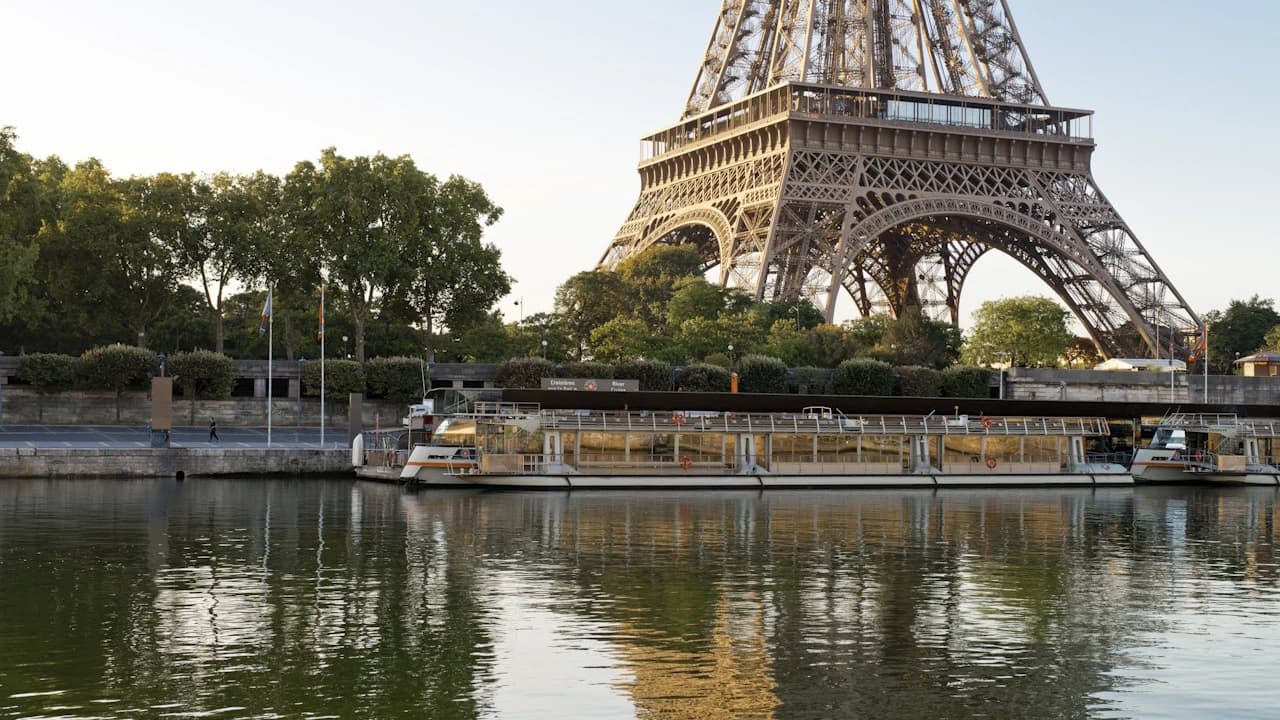 Seine River Cruise by Bateaux Parisiens – Departing from the Eiffel Tower - Photo 3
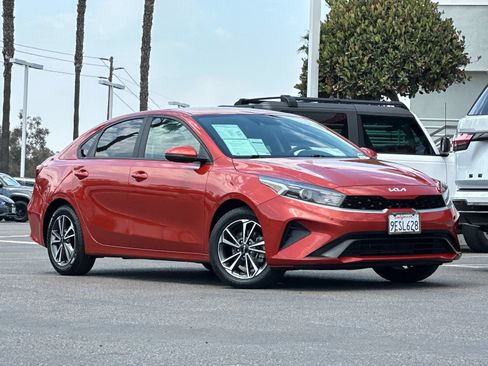 Used 2023 Kia Forte LXS w/ LXS Technology Package FWD image 8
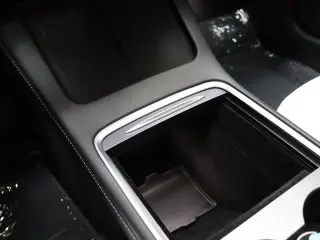 Tesla Model 3 2023 4dr Sedan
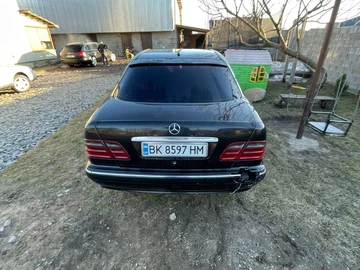 Авто Mercedes Mb 2005 № 8581110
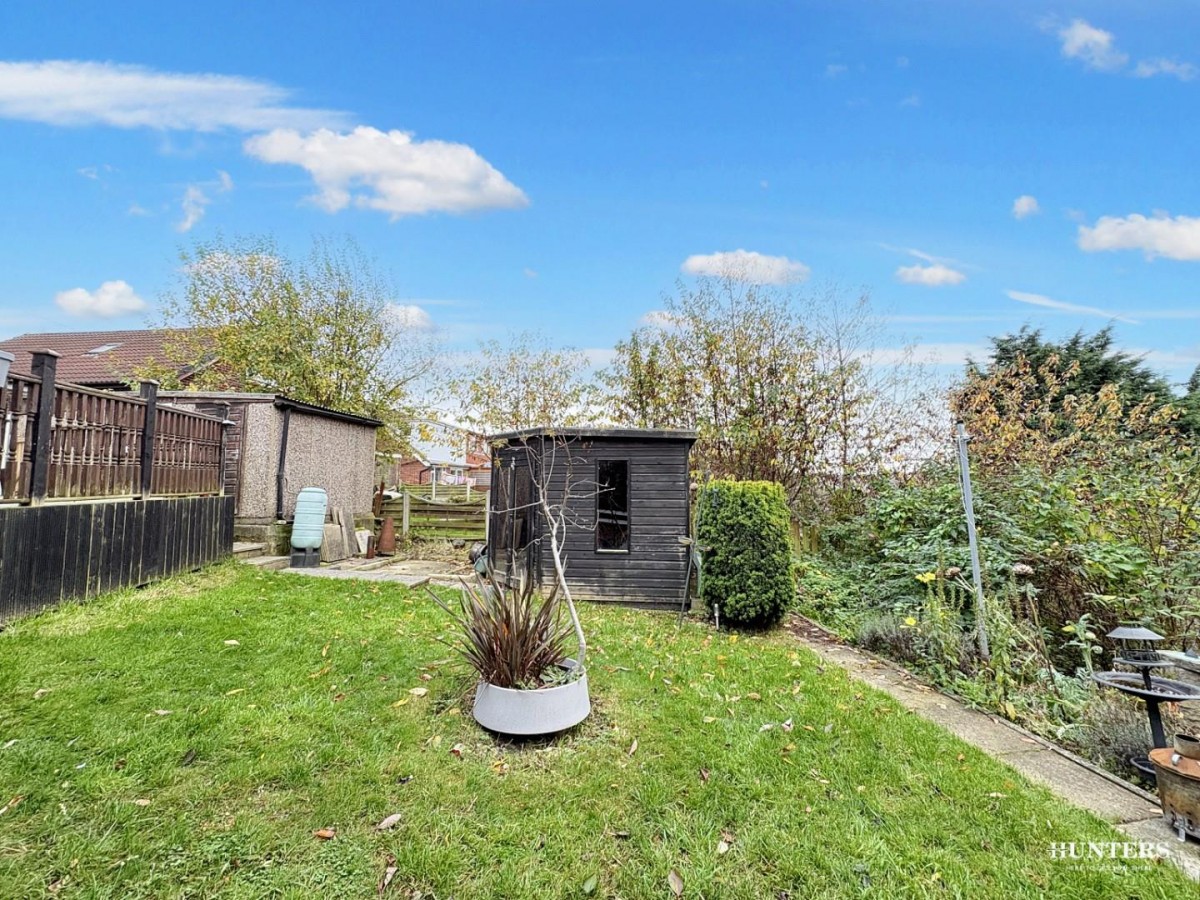 Moor Park Gardens, Dewsbury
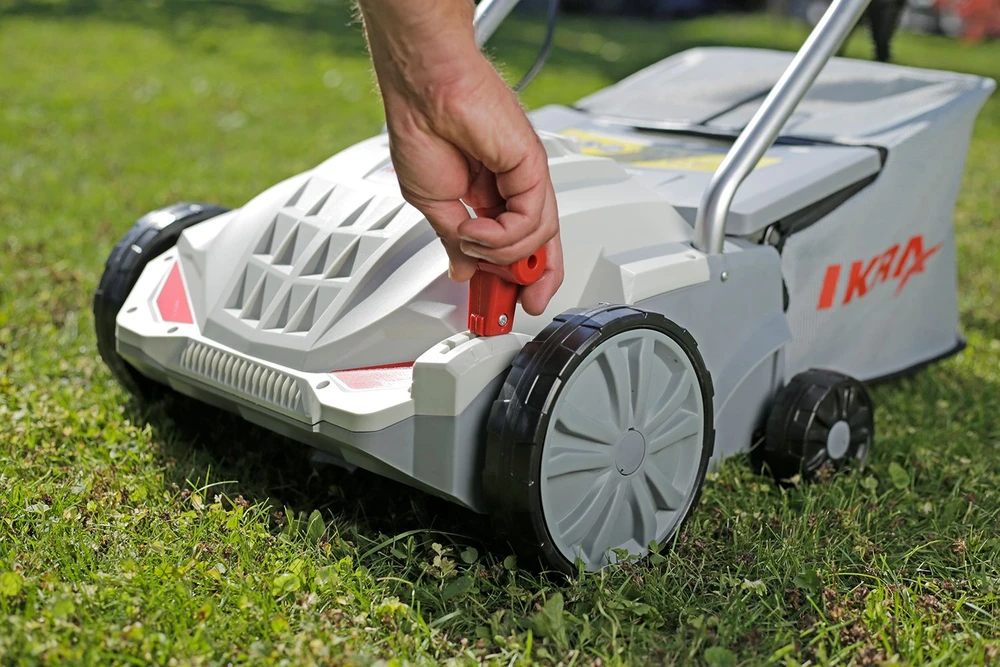 Ikra Elektrinis aeratorius skarifikatorius 1.5 kW IEVL 1532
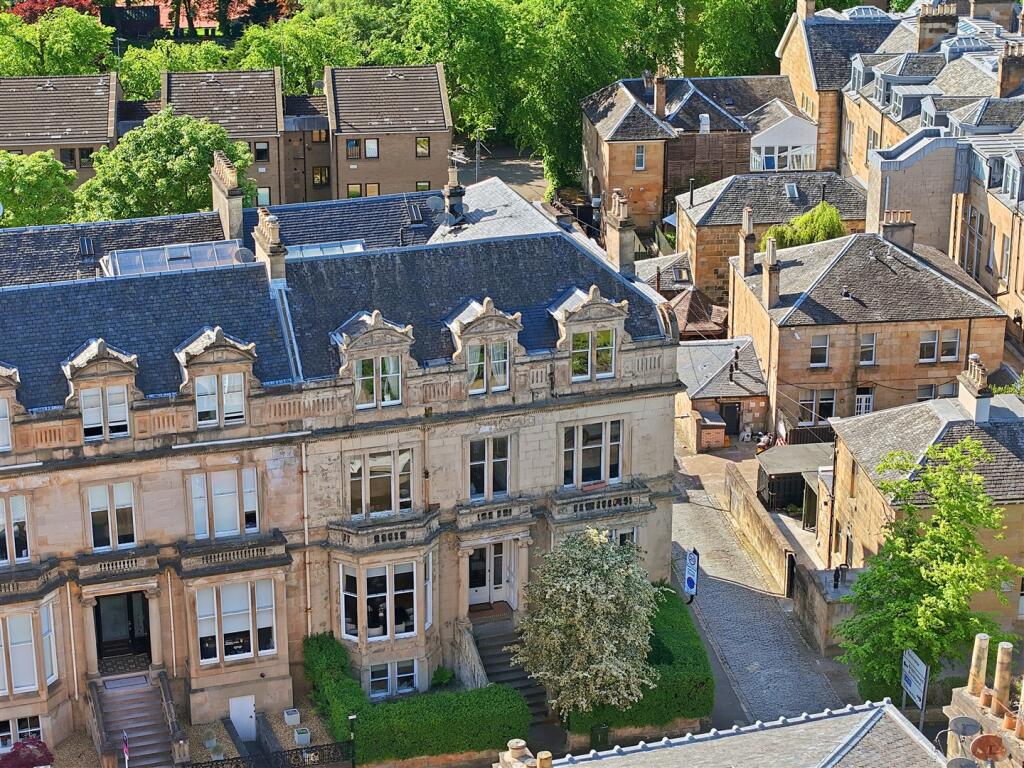 Main image of property: 0/1 10 Hyndland Road, Hyndland, G12 9UP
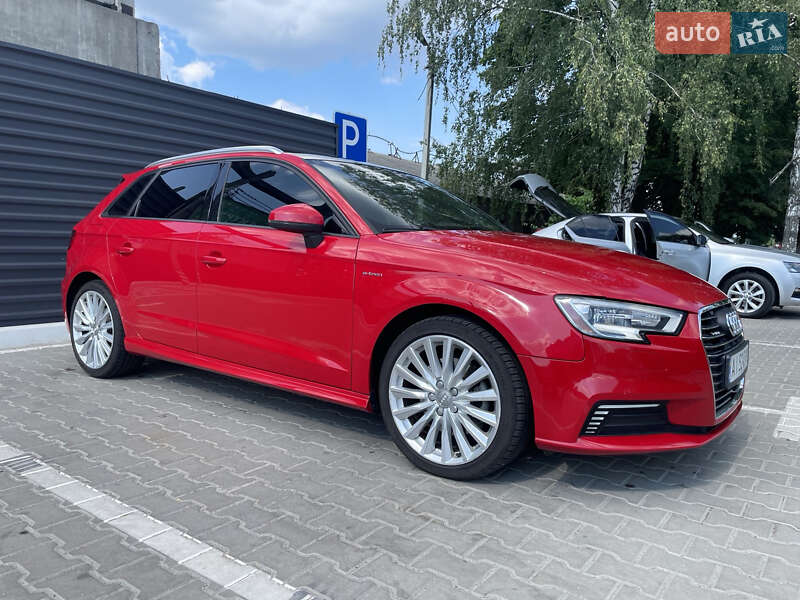 Хэтчбек Audi A3 2016 в 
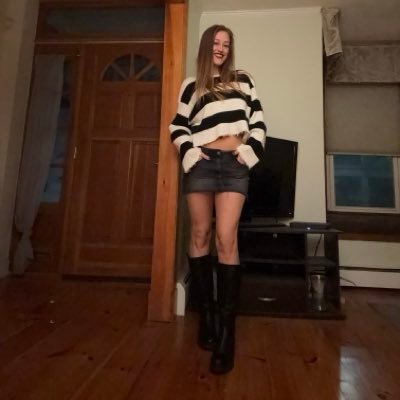 snydaho's profile picture. your favorite tweeter's favorite tweeter :) 💋✨🌱🌙🔮 a master of karate and friendship for everyone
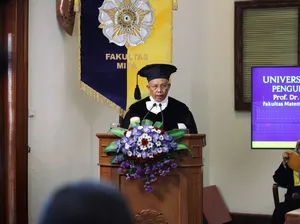 Penemu GeNose Pendeteksi COVID-19 Dikukuhkan Sebagai Guru Besar UGM Penemu GeNose Pendeteksi COVID-19 Dikukuhkan Sebagai Guru Besar UGM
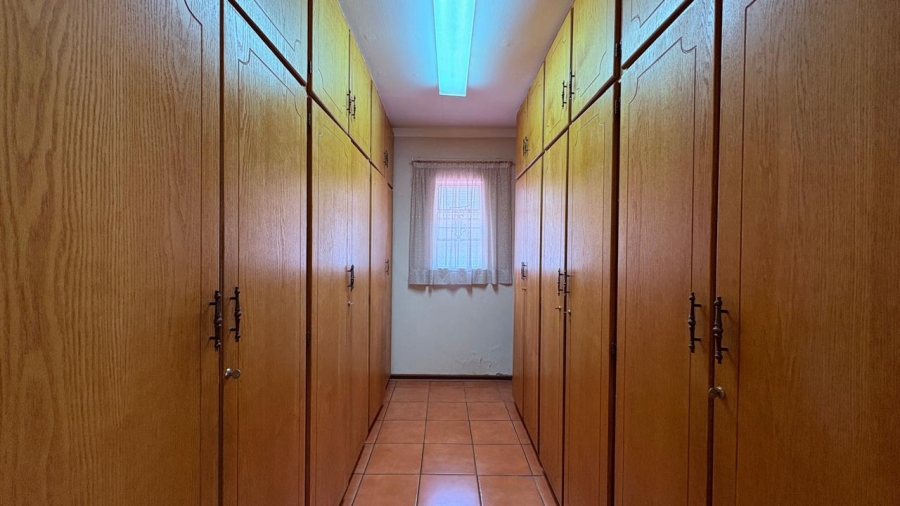 4 Bedroom Property for Sale in Selection Park Gauteng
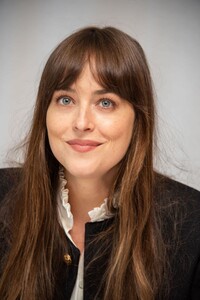 dakota-johnson-the-peanut-butter-falcon-press-conference-in-la-2019-0.jpg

========================================

#### Required action:
To answer, repeat exactly the lines from the line containing "Moor Park Gardens, Dewsbury" through the last line of the data above, leaving out all pictures.

#### Answer to this problem:
 Moor Park Gardens, Dewsbury
 Ikra Elektrinis aeratorius skarifikatorius 1.5 kW IEVL 1532
 Main image of property: 0/1 10 Hyndland Road, Hyndland, G12 9UP
 Хэтчбек Audi A3 2016 в 
 snydaho's profile picture. your favorite tweeter's favorite tweeter :) 💋✨🌱🌙🔮 a master of karate and friendship for everyone
 Penemu GeNose Pendeteksi COVID-19 Dikukuhkan Sebagai Guru Besar UGM Penemu GeNose Pendeteksi COVID-19 Dikukuhkan Sebagai Guru Besar UGM
 4 Bedroom Property for Sale in Selection Park Gauteng
 dakota-johnson-the-peanut-butter-falcon-press-conference-in-la-2019-0.jpg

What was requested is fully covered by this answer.